[Data to process Boundary: Start]
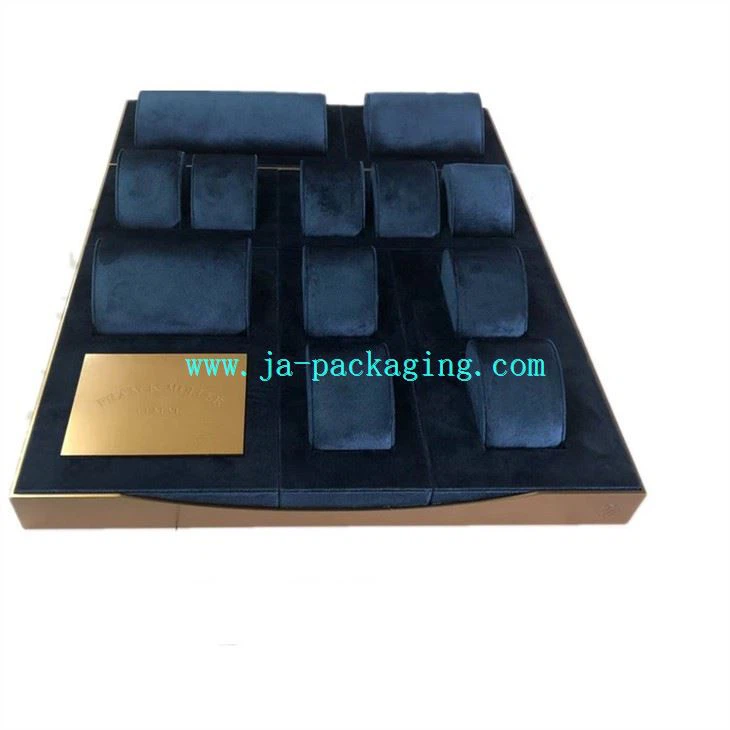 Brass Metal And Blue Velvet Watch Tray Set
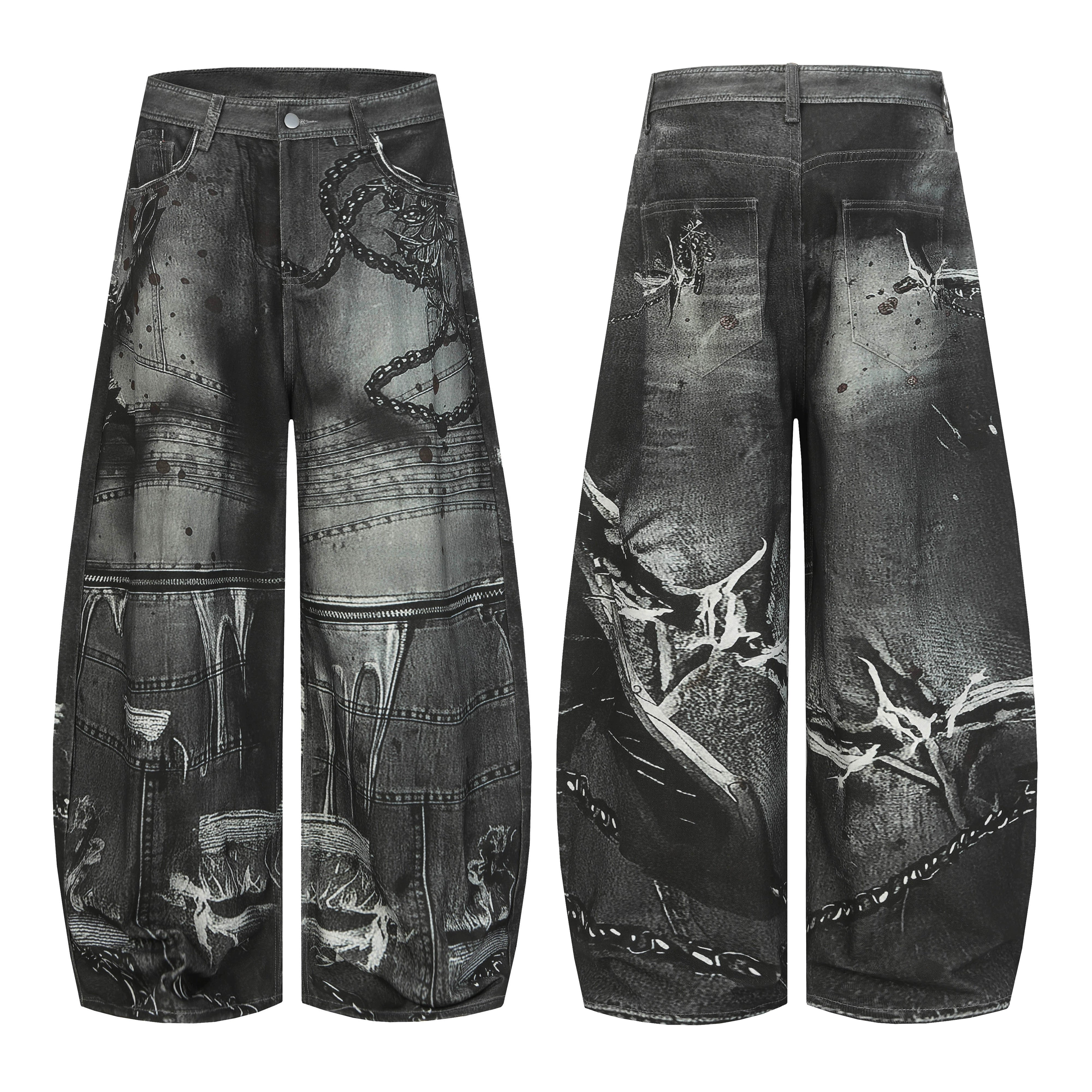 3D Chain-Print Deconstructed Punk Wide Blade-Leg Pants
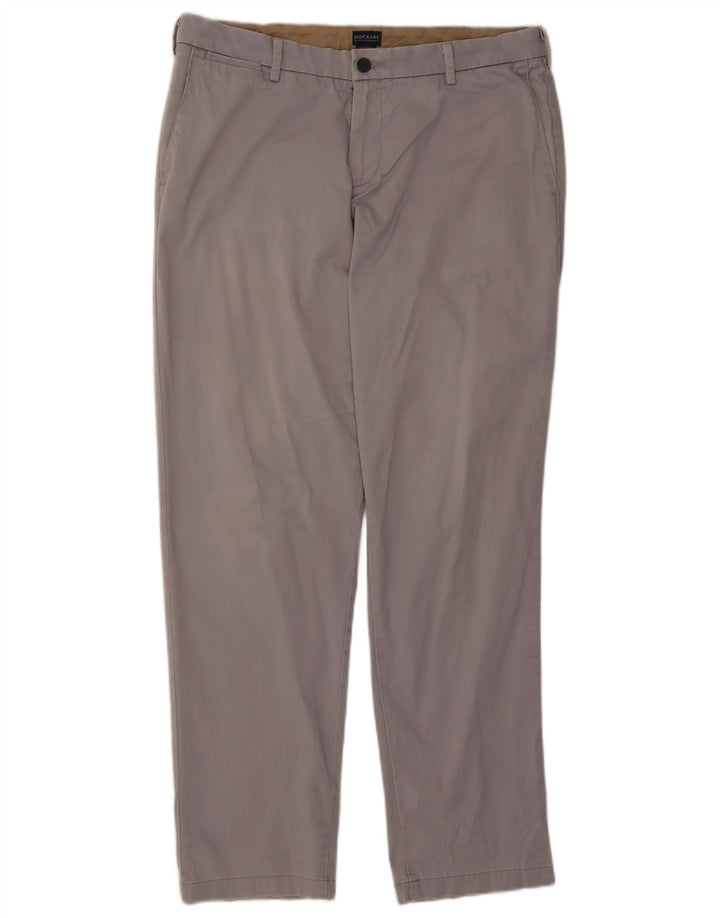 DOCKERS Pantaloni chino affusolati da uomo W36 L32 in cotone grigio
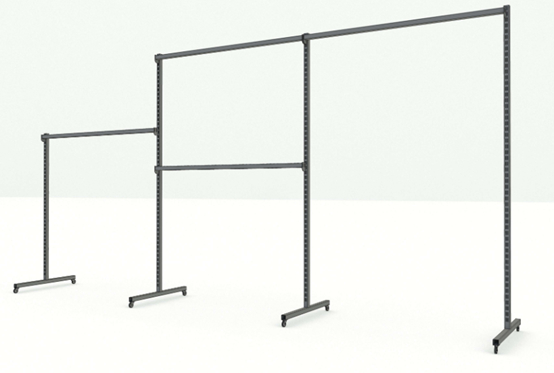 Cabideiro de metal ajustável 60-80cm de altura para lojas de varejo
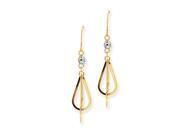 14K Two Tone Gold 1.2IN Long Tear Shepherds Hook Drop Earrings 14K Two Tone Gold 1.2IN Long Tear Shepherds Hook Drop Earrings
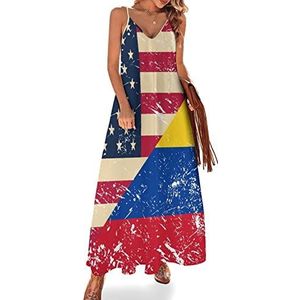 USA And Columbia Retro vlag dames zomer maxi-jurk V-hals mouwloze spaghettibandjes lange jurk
[Data to process Boundary: End]
What needs to be done: Every entry above needs to be copied exactly, and no pictures go with it.

Response box:
 Brass Metal And Blue Velvet Watch Tray Set
 3D Chain-Print Deconstructed Punk Wide Blade-Leg Pants
 DOCKERS Pantaloni chino affusolati da uomo W36 L32 in cotone grigio
 Cabideiro de metal ajustável 60-80cm de altura para lojas de varejo
 14K Two Tone Gold 1.2IN Long Tear Shepherds Hook Drop Earrings 14K Two Tone Gold 1.2IN Long Tear Shepherds Hook Drop Earrings
 USA And Columbia Retro vlag dames zomer maxi-jurk V-hals mouwloze spaghettibandjes lange jurk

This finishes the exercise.